EXERCISE AIM :: Take the line containing "Forever 21 Women's" and every line after it to the end of the material below; reproduce them exactly, without pictures.
------ INFORMATION PROVIDED ------
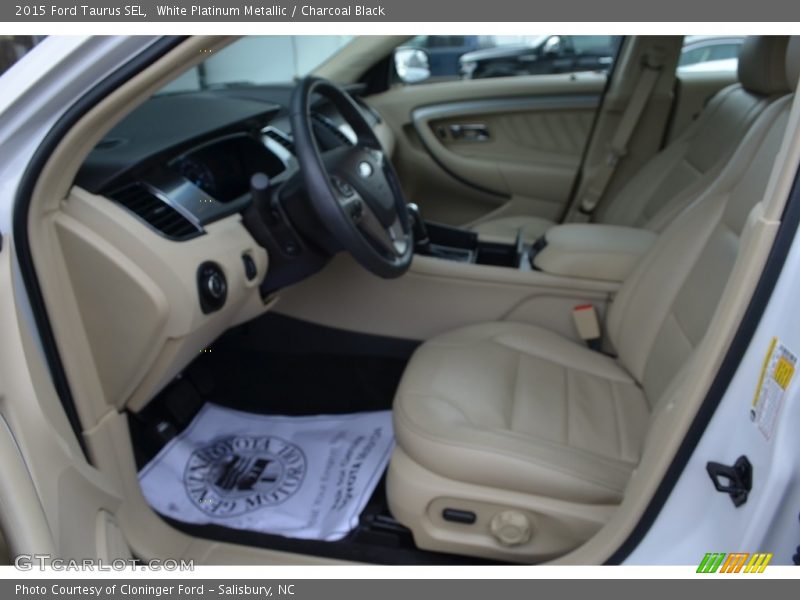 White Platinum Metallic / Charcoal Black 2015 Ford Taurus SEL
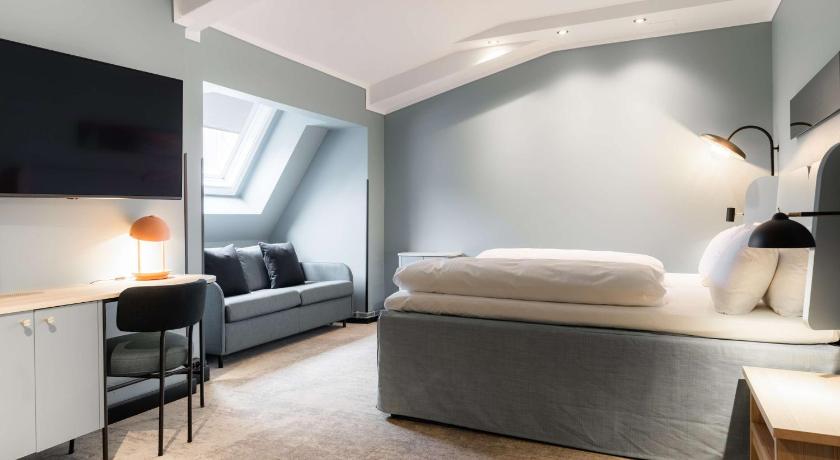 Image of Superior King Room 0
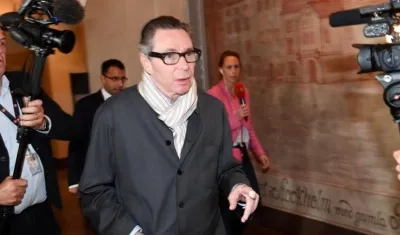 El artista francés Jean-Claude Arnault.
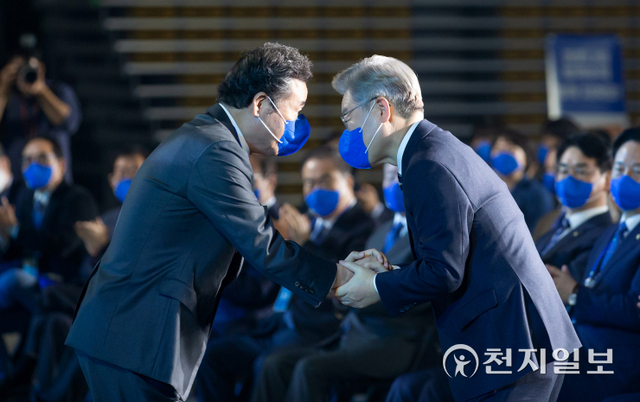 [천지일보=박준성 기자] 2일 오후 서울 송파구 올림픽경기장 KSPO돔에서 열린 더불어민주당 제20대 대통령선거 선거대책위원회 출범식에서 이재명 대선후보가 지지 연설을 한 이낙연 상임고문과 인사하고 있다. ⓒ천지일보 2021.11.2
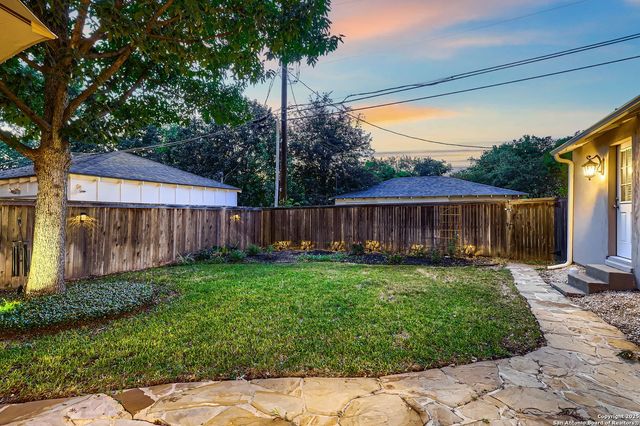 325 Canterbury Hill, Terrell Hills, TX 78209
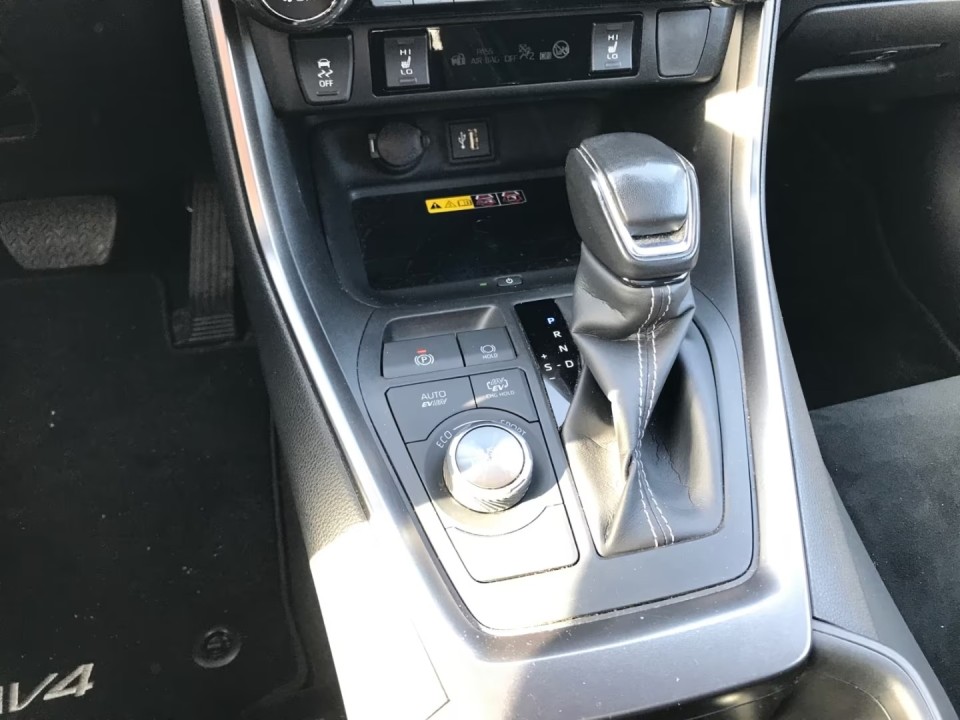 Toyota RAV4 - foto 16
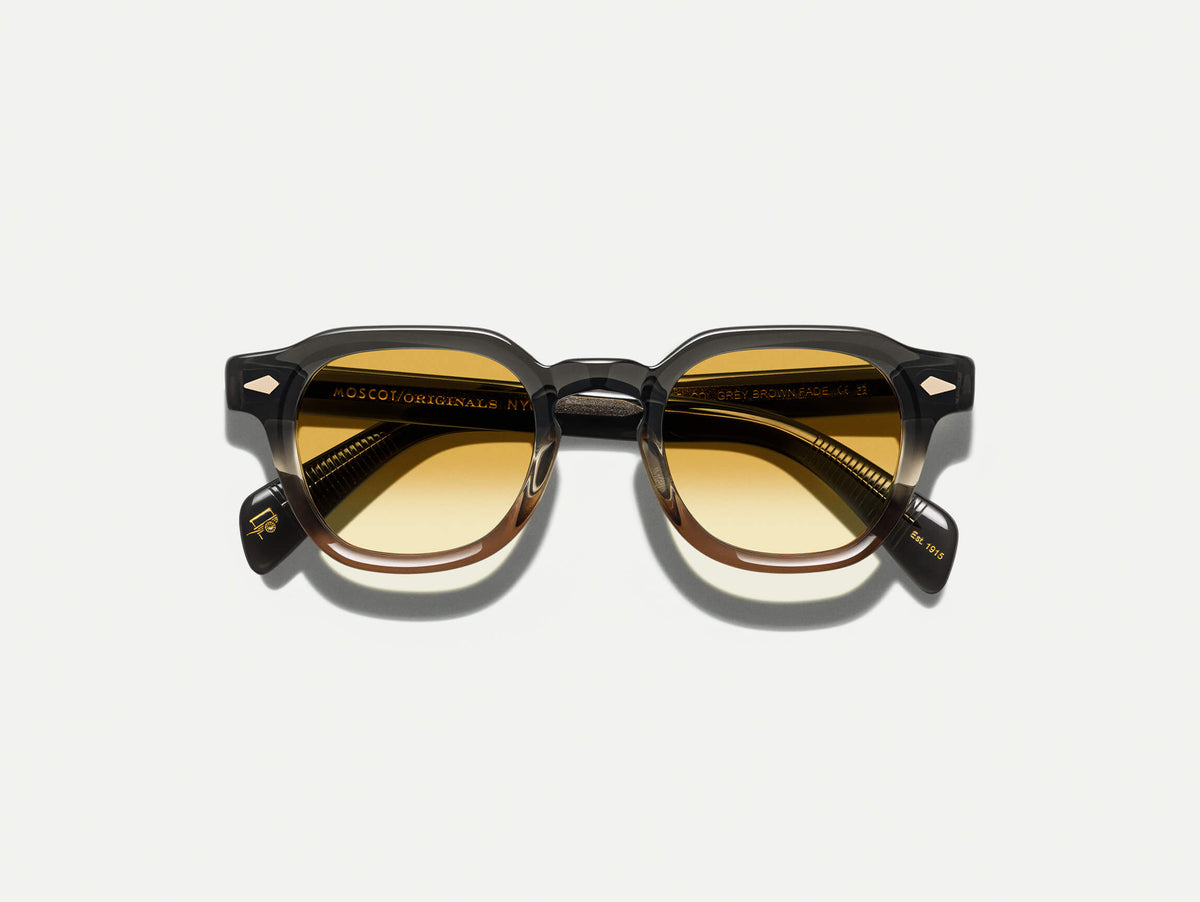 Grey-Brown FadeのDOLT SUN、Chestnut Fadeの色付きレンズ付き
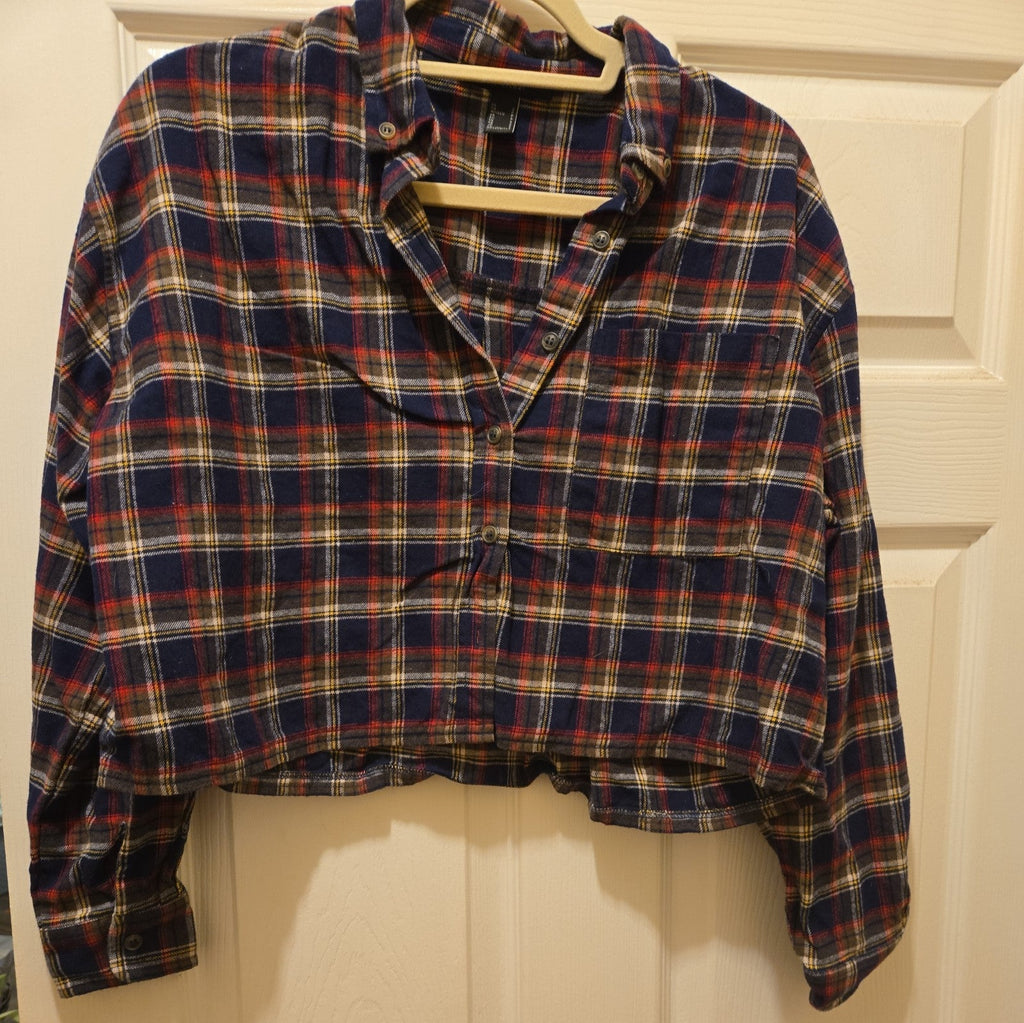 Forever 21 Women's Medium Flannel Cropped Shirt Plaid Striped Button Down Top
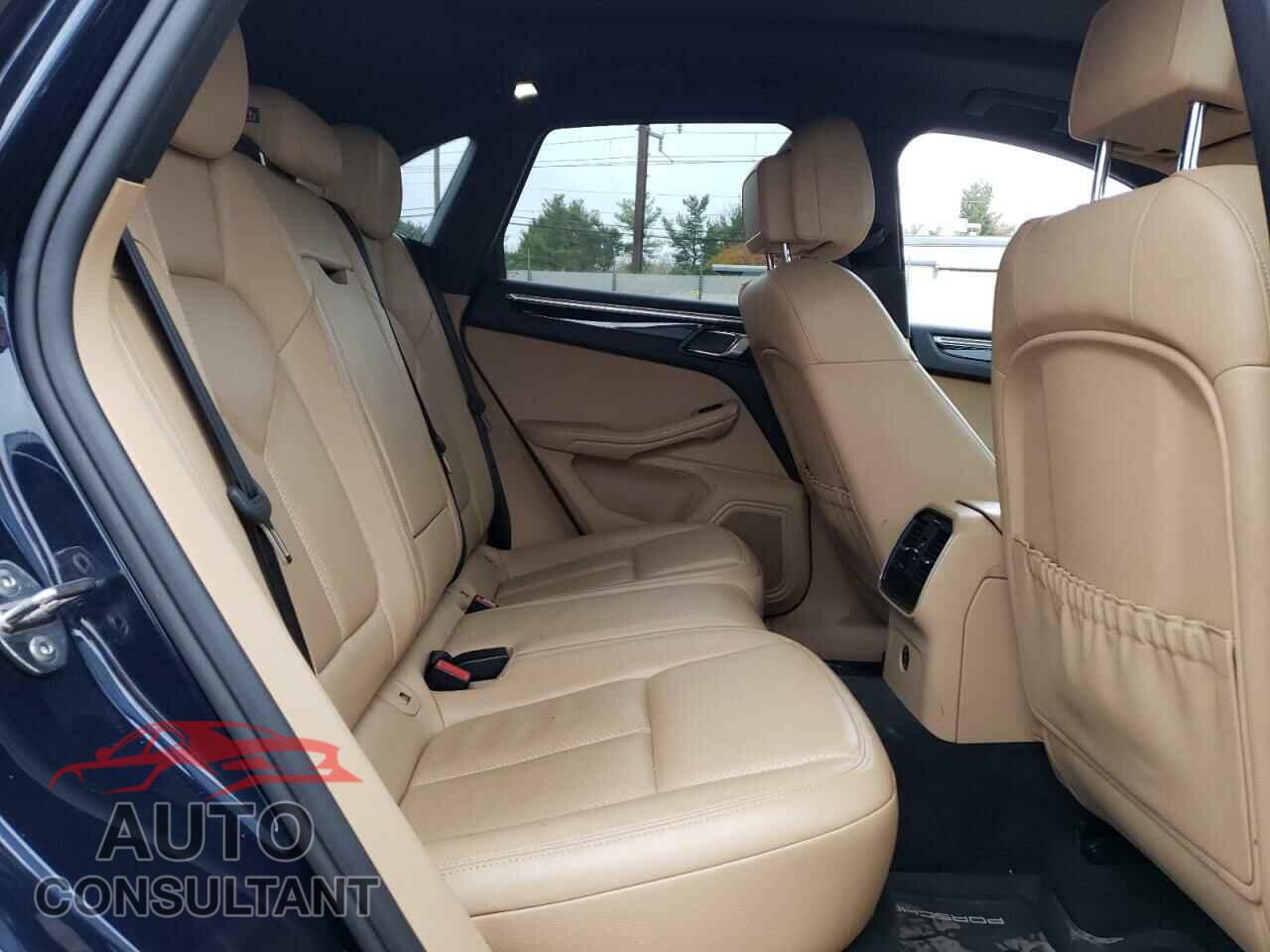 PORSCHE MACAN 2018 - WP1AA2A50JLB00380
------
ANSWER BOX ::
 Forever 21 Women's Medium Flannel Cropped Shirt Plaid Striped Button Down Top
 PORSCHE MACAN 2018 - WP1AA2A50JLB00380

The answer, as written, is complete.